К Степану Петровичу Шевыреву
1
Сколько вам препоручений!574 Да не спрашивайте у Итальянцев о Славянах: мы для них варвары. Любезный Степан Петрович, полюбите Италию, наберитесь её воздуха, её воспоминаний и привезите их нам. Я немного её видел и мало времени удалось мне ею напитываться; за то теперь с горем чувствую, что я её уже утратил. Но, проезжая через Славянские земли в южной Австрии, говорите как можно более с жителями: вас будет веселить их радость, и хорошо напоминать им иногда о России. Они своих северных братьев редко видят. Прощайте, веселитесь, благодарите судьбу и пожалейте о нас. Здесь ужасное однообразие.
Приписка Венелина. Не слушайтесь нашего любезного Хомякова; хотя бы Славян Италийские Латыны и почитали варварами, но если они сами просвещены, непременно сумеют сказать о них своё просвещённое мнение; это для того, что, может быть, не возвратитесь через землю Славян: у обстоятельств свои причуды.
2
Посылаю тебе, любезный Шевырёв, ещё перевод для доставления Мармье. Этот перевод сделан, как ты знаешь, Павловой и весьма верен. Может быть, ему любопытно будет знать, чем мы желаем блеснуть, и что материальная сила для нас не идол.
3. (1846)
Аксакову досталось от О.З.575; да они, кажется, уже готовы и от Гоголя отступиться. Что за глупый народ! У них на одном ряду Сервантес, Байрон, Жорж Занд и Беранже. Аксаков увлёкся далеко; но если он будет продолжать брошюрку свою, то полагаю, выйдет дельное. Он пояснит то, что без пояснения кажется смешным и нелепым. Мысль его главная следующая: «Искусство утратило везде свою беззаботную свободу; в нём более придуманного, чем самосозданного. Гоголь (как древние и Шекспир) есть художник поневоле и без намерения». В этом много правды. О.З. говорят: «Гоголь зарождён В. Скотом; без В. Скота он был бы невозможен». Это просто бессмыслица. Ничего общего нет между ними.

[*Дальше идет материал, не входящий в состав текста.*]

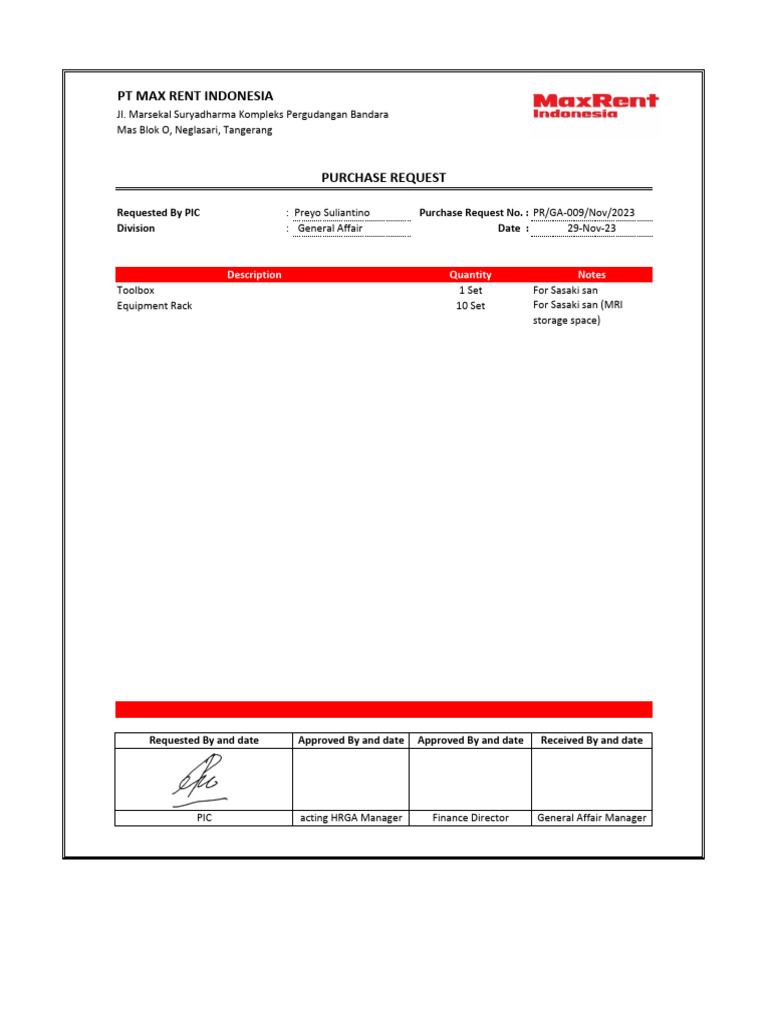 Purchase request sasaki san merged pdf tools equipment
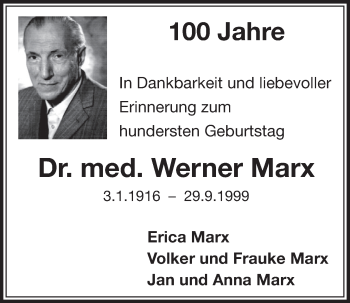 Anzeige von Werner Marx von  Schlossbote/Werbekurier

Первая статья твоя о Гоголе отличная. Я истинно благодарен тебе за неё; она может многих образумить и пояснить странные дисгармонии в душе многих читающих.
Читал ли ты Павского? Часть механизма языка порядочная, но что̀ за этимология! Просто смех. Мы от Римлян, от alec взяли слово лось, а в Испании нет лосей, и alec Римский животное почти баснословное. От Немцев (из слова Erz) составилось наше руда, между тем как оно в прямом отношении к слову жила и пр. Что за тупость! А труд великий и не совсем бесполезный.

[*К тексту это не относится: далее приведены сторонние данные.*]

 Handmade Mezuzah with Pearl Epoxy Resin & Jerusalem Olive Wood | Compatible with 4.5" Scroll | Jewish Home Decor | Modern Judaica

Ещё хорошо: слово стерлядь у нас не своё, а занято от западных; а у них стерлядей и нет.
4. 1 Октября 1846 года, С. Богучарово
Начинаю поздравлением: дай Бог твоему маленькому Петру вырасти большим Петром, милым, добрым, похожим на тебя: лучше трудно, без комплиментов. Заметь, что я не сказал великим Петром, потому что по правде не уверен, не было ли у нас и так лишнего великого Петра.

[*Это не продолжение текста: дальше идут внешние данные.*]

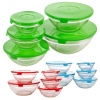 5pc Glass Bowl Set with Coloured Lid [578373]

О самом твоём послании скажу, что просто не понимаю, что за обещание моё, которого я, кажется, Вяземскому не давал; что за песня Русская, которой я и предмета не знаю и которую должен переложить на ноты Мейербер. Просто, как говорит Гоголь, не понимаю, – ничего не понимаю. Да, но правде сказать, если бы и понимал, то ничего бы не мог сделать теперь.
5. (1847)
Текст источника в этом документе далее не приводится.